After making aliyah, most of the life skills I'd acquired over 25 years of semi-competent existence were wiped out. I felt like a movie princess suddenly forced to live without her maids. How do I get an appointment with a doctor? Where
do I go to rent a movie?? What should a lease look like? How do I pay taxes? Where do I write the return address on a letter?? What do people eat for dinner? And what should I wear if it's 20 degrees outside?!
So one thing I had to learn was how Israelis mop floors. I have yet to see a Swiffer or sponge mop here, and I only saw a traditional mop with spaghetti strands when a Brit provided one as a theatre prop. Instead, we have these metal poles that grip towels between their plastic teeth and wide base.
They are easy to use, really, except that getting the towel to stay on confused me at first. I attempted to wad both ends underneath the clamp in a ploy to approximate a Swiffer, but all four corners wouldn't fit. Then I think I let the towel drag behind the base of the mop, towel wistfully tickling the floor as I dragged the foam-metal base, squealing, along my poor tiles.
The secret to using these mops is that you put the base down ON the towel, as you see in the picture above, and push the towel around with the pressure from the handle. (My husband's aunt, the most meticulous housekeeper ever, just slings towels on the end of the thing without clamping. This, I believe, is an advanced skill.)
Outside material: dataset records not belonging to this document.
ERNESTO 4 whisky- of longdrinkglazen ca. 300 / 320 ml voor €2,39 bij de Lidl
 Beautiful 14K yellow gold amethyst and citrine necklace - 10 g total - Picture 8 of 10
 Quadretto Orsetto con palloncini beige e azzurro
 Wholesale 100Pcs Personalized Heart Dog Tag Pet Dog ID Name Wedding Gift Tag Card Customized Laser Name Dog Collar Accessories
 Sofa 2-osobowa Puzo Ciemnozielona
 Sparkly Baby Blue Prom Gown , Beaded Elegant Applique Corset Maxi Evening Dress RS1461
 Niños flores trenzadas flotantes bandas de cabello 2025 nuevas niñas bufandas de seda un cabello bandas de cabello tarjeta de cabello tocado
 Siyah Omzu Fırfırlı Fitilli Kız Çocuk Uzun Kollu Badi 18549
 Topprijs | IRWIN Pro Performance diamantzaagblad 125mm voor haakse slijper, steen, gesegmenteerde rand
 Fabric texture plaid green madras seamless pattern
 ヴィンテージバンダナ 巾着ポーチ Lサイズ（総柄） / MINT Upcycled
My next challenge-- getting the mop wet. I tried to dip the whole head in a bucket with the towel on, but it was too wide. I needed to take the towel off before wringing it off into the bucket. Then I tried to wash the dirty towels in my washing machine, but these are special cheap floor-washing towels (which you buy as a pack in the supermarket), so they ended up beading off into bits of lint. My husband claims the towels are supposed to be disposable. I still wash them, but now I mostly just rinse and hang.
The thing is that I now like this system better than a Swiffer or a sponge mop. The towel is nice and large, so it cleans my floors quickly. The towels last longer than those disposable Swiffer papers, and by reusing them, I save money.
A lot of people panic about all these changes when they make aliyah and try to bring everything with them from America. My advice would be to suck it up, and stalk an Israeli to see how she gets through her life. Yes, you'll feel like an idiot for a little while-- you'll have to ask a lot of questions about things your mother taught you to do when you were eleven years old. But it's worth it, because now I feel like an Israeli when I mop the floor, and I'm not begging Swiffer papers off of every visitor who comes to see me from America.
Now don't ask me about how to be TRULY Israeli and use a squeegee to clean the floor. That one still scares me. (I think it stands on a higher plane of Israeli-ness.)
If anyone reading this made aliyah, what life skills did you have to learn?